■ **Activity**:
Find the line with "Impressão Em Tela Esquilo (Frente)" and the line with "Enlarge MILTON, a" in the entries below; output exactly those two lines, every line between them, and no others.

══ The data ══

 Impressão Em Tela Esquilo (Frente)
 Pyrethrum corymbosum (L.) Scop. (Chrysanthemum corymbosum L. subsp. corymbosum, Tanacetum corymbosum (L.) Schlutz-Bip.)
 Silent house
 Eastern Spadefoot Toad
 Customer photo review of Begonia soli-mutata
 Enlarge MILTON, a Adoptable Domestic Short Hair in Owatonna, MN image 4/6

═══
══ The data ══

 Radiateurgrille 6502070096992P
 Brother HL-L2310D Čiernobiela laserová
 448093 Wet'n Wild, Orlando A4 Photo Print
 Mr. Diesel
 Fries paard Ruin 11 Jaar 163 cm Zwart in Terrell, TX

═══

■ **Response box**:
 Impressão Em Tela Esquilo (Frente)
 Pyrethrum corymbosum (L.) Scop. (Chrysanthemum corymbosum L. subsp. corymbosum, Tanacetum corymbosum (L.) Schlutz-Bip.)
 Silent house
 Eastern Spadefoot Toad
 Customer photo review of Begonia soli-mutata
 Enlarge MILTON, a Adoptable Domestic Short Hair in Owatonna, MN image 4/6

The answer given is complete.